▶ **MATERIAL PROVIDED**:
════════
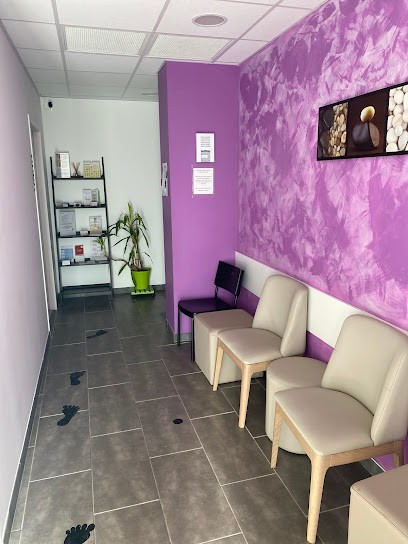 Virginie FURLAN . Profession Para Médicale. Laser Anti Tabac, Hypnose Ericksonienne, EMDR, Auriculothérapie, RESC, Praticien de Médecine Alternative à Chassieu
════════
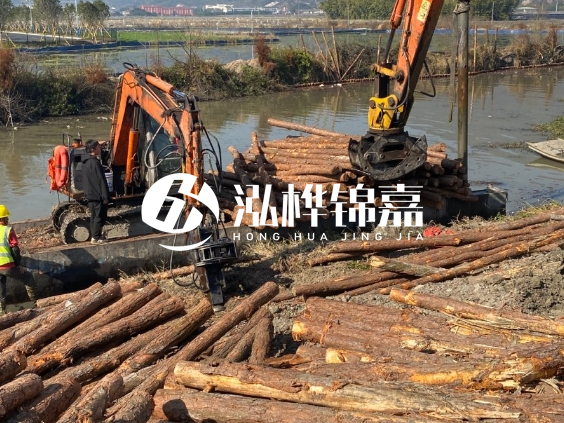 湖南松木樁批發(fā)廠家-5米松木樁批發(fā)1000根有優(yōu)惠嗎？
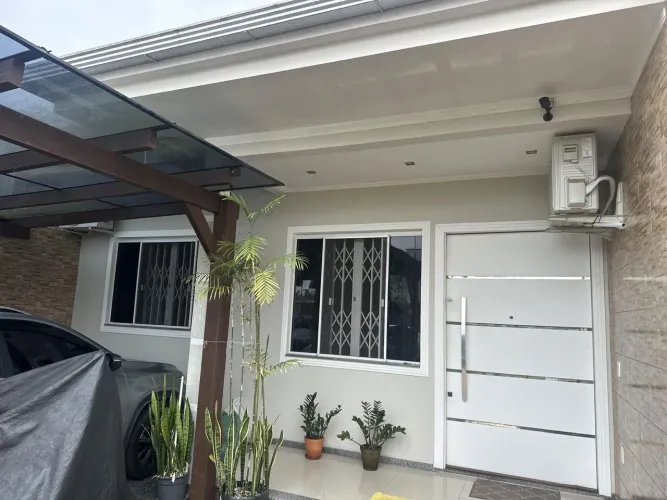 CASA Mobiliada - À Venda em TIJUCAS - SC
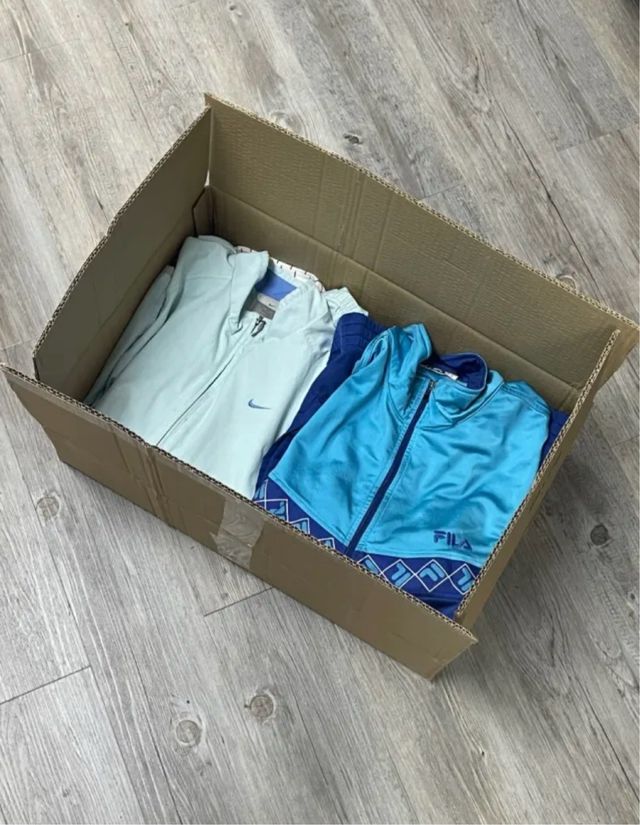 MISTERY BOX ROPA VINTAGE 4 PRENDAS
════════
▶ **ASSIGNMENT**: Reproduce the data above exactly, but only from the line containing "CASA Mobiliada - À Venda em TIJUCAS - SC" through the line containing "MISTERY BOX ROPA VINTAGE 4 PRENDAS"; skip the pictures.

▶ **RESPONSE AREA**:
 CASA Mobiliada - À Venda em TIJUCAS - SC
 MISTERY BOX ROPA VINTAGE 4 PRENDAS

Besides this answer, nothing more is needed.